Ullas Kamath talks at the Entrepreneurs’ Organisation’s learning event on Jyothy Laboratories’ growth, its Henkel acquisition and the entry of professional management in the organisation

Poornima Kavlekar

Our endeavour at The Smart CEO has always been to bring to the fore experiences of successful leaders by tracing their journey, analysing decisions that they have made and identifying the uniqueness in the business processes, which led their company to great heights. In line with this, when Entrepreneurs’ Organisation, an organisation that enables entrepreneurs to learn and grow from each other, invited Ullas Kamath to address their learning forum one evening, it was an opportunity for us to present to you his success story and learn from it.

Ullas Kamath, the Joint Managing Director of Jyothy Laboratories, is a qualified chartered accountant, lawyer and a company secretary. He joined the company in 1991 (founded in 1983 by M. Ramachandran) and is instrumental in taking the company to the level it is at today – with a turnover of Rs. 1,500 crore and a market capitalization of Rs. 5,000 crore.  He was also responsible for the company acquiring the loss making Henkel India and turning it around in three years. He is an insider yet an outsider with no ties to the promoter family; importantly, he attracts talent for the organisation from the outside.

We bring to you the excerpts of his talk on Jyothy Labs, the company’s acquisition of Henkel and its turnaround story and professional management in the organisation.

The growth story of Jyothy Labs

At the age of 76, the founder of the company, M P Ramachandran is still very active in his business and according to Kamath, it is the employees of the organisation who keep him that way. “Keeping the person who started the business active is very critical for a continuous success of the business.”

Almost 1.2 million bottles of the company’s flagship brand, fabric whitener Ujala, is sold on a daily basis, and it reaches almost 60 per cent of Indian households. “We have about 75 per cent of the market share in this category with the nearest competitor holding a 3 per cent market share.  Our belief is that we should be number one in the market and there is no place for number two,” says Kamath. Its other brands include Maxo mosquito repellent and EXO dishwash bar.

From a proprietary concern, Jyothy became a private limited company and eventually in the year 2000, Kamath raised private equity from players like Baring India Investments, CDC Advisors and so on and then took the company public.

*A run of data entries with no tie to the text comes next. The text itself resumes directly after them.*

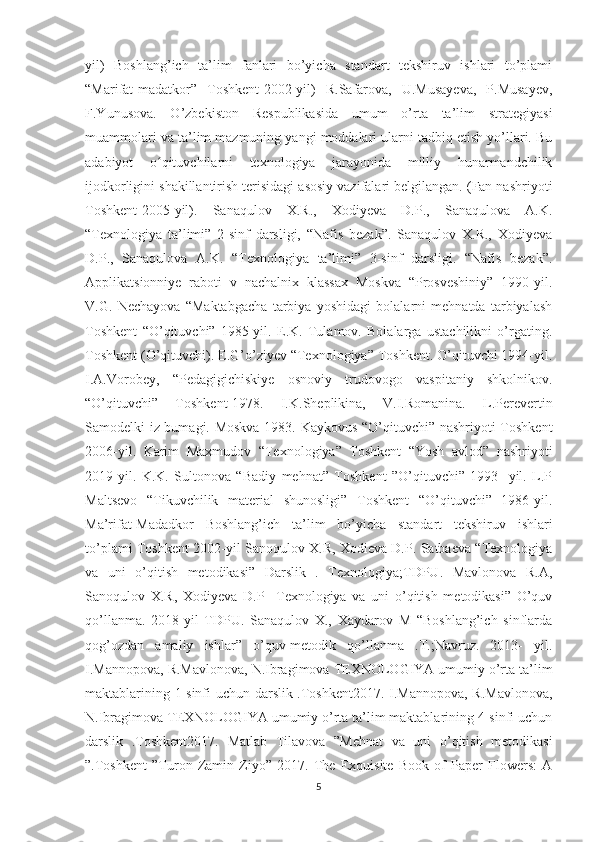 yil)   Boshlang’ich   ta’lim   fanlari   bo’yicha   standart   tekshiruv   ishlari   to’plami
“Marifat-madatkor”   Toshkent-2002-yil)   R.Safarova,   U.Musayeva,   P.Musayev,
F.Yunusova.   O’zbekiston   Respublikasida   umum   o’rta   ta’lim   strategiyasi
muammolari va ta’lim mazmuning yangi moddalari ularni tadbiq etish yo’llari. Bu
adabiyot   o qituvchilarni   texnologiya   jarayonida   milliy   hunarmandchilikʻ
ijodkorligini shakillantirish terisidagi asosiy vazifalari belgilangan. (Fan nashriyoti
Toshkent-2005-yil).   Sanaqulov   X.R.,   Xodiyeva   D.P.,   Sanaqulova   A.K.
“Texnologiya   ta’limi”   2-sinf   darsligi,   “Nafis   bezak”.   Sanaqulov   X.R.,   Xodiyeva
D.P.,   Sanaqulova   A.K.   “Texnologiya   ta’limi”   3-sinf   darsligi.   “Nafis   bezak”.
Applikatsionniye   raboti   v   nachalnix   klassax   Moskva   “Prosveshiniy”   1990-yil.
V.G.   Nechayova   “Maktabgacha   tarbiya   yoshidagi   bolalarni   mehnatda   tarbiyalash
Toshkent   “O’qituvchi”   1985-yil.   E.K.   Tulamov.   Bolalarga   ustachilikni   o’rgating.
Toshkent (O’qituvchi). E.G’o’ziyev “Texnologiya” Toshkent. O’qituvchi 1994-yil.
I.A.Vorobey,   “Pedagigichiskiye   osnoviy   trudovogo   vaspitaniy   shkolnikov.
“O’qituvchi”   Toshkent-1978.   I.K.Sheplikina,   V.I.Romanina.   L.Pеrеvеrtin
Sаmоdеlki iz bumаgi. Mоskvа 1983. Kaykovus “O’qituvchi” nashriyoti Toshkent
2006-yil.   Karim   Maxmudov   “Texnologiya”   Toshkent   “Yosh   avlod”   nashriyoti
2019-yil.   K.K.   Sultonova   “Badiy   mehnat”   Toshkent   ”O’qituvchi”   1993-   yil.   L.P
Maltsevo   “Tikuvchilik   material   shunosligi”   Toshkent   “O’qituvchi”   1986-yil.
Mа’rifаt-Mаdаdkоr   Bоshlаng’ich   tа’lim   bo’yichа   stаndаrt   tеkshiruv   ishlаri
to’plаmi Toshkent 2002-yil Sanoqulov X.R, Xodieva D.P. Satbaeva “Texnologiya
va   uni   o’qitish   metodikasi”   Darslik   .   Texnologiya;TDPU.   Mavlonova   R.A,
Sanoqulov   X.R,   Xodiyeva   D.P     Texnologiya   va   uni   o’qitish   metodikasi”   O’quv
qo’llanma.   2018-yil   TDPU.   Sanaqulov   X.,   Xaydarov   M   “Boshlang’ich   sinflarda
qog’ozdan   amaliy   ishlar”   o’quv-metodik   qo’llanma   .T.;Navruz.   2013-   yil.
I.Mannopova, R.Mavlonova, N.Ibragimova TEXNOLOGIYA umumiy o’rta ta’lim
maktablarining 1-sinfi uchun darslik .Toshkent2017. I.Mannopova, R.Mavlonova,
N.Ibragimova TEXNOLOGIYA umumiy o’rta ta’lim maktablarining 4-sinfi uchun
darslik   .Toshkent2017.   Matlab   Tilavova   ”Mehnat   va   uni   o’qitish   metodikasi
”.Toshkent   ”Turon   Zamin   Ziyo”   2017.   The   Exquisite   Book   of   Paper   Flowers:   A
5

In the midst, Kamath asks the audience, if entrepreneurs raise money because they need it. “Most of the people will say yes but I will say no,” he states. He explains, “You raise money when you don’t need it. When you want it you will never get it.”  He also believes that an investor’s brand becomes a part of the invested company’s brand.  “PE fund is the best equity, they bring in money, talent and ask you questions that are difficult to answer which helps you grow. When they invest for a 10 per cent stake in your company, they cannot multiply four times unless they multiply your value by the same. When we went public they got five times returns,” shares Kamath.

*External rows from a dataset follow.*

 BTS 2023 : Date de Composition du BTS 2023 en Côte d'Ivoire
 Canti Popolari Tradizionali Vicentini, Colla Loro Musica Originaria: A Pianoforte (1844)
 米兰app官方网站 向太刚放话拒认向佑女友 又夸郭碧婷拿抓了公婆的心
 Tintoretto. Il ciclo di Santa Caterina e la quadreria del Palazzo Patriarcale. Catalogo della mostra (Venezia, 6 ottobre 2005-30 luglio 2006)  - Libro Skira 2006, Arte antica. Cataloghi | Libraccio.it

The company’s second brand – Maxo – came to life with this Rs. 35 crore. “Ujala was like an ATM for us. And we didn’t want to put Ujala money into Maxo. We wanted to raise risk capital,” says Kamath. Today, Maxo has grown to become a Rs. 300 crore brand.

The company today covers a million retail outlets on a monthly basis. “After the Indian post office, the best direct reach is by Jyothy Labs,” says a proud Kamath. Around 1,200 company staff walk nearly 6 kilometres a day and as a result its direct coverage is one of the best in the country. The company has 34 factories across the country and one in Bangladesh.

It acquired Henkel in 2011 and in 2014, it re-launched most in-house brands.

And the story thereafter…

When you have taken 17 years to become a Rs. 100 crore company and if you come across a Rs. 350 crore company with good brands, will you consider buying it?  Remember, it will take another ten years to create a Rs. 350 crore brand. Kamath’s answer was yes. He knew that Henkel was a loss making company but housed seven good brands like Margo, Pril and Henko. However, the company had 470 people and an accumulated loss of Rs. 600 crore.  “But, my MD said that it was possible to achieve 35 per cent gross margin, at a stretch 40 per cent, on the company,” recalls Kamath.

And hence, they decided to go ahead with the acquisition.

How did the company do it? Kamath simply flew to Dusseldorf, Germany, Henkel’s headquarters, to talk about this association. “Never say that you have come to buy them out. The best way is to say that I want to work with you,” he advises. Kamath presented four sheets, which covered where the business is, what the problems are, how they could change the business and what this would result in.  Within four meetings Kamath and team closed the deal. “Investment advisors Ram Prasad M and Jacob Cherian from MAPE did a great job. In return, we told them no due diligence and within 30 days we closed the deal. We also needed the tax indemnity,” states Kamath. He trusted Henkel’s auditors, KPMG, which is why they didn’t spend much time on due diligence. In the meantime, the existing Rs. 350 crore business’s value would have reduced to Rs. 200 crore as everyone would have come to know that it is up for sale.

“So we acquired the business for Rs. 685 crore (on a turnover of Rs. 300 crore),” shares Kamath. When Jyothy bought the business, it had a negative EBIDTA of 4.8 per cent. And within one year the EBIDTA was 14.8 per cent. Today, those brands are growing faster than Jyothy’s brands except Ujala. In three years, the company has doubled its turnover to Rs. 700 crore from Rs. 350 crore when it was acquired. “Some of the advantages that we had were carry forward accumulated loss of Rs. 600 crore and a Rs. 200 crore tax break,” says Kamath. Henkel’s factories were sold and real estate value was realised and as far as the staff go, the company retained only five members out of 475 people, resulting in savings of Rs. 30 crore every year.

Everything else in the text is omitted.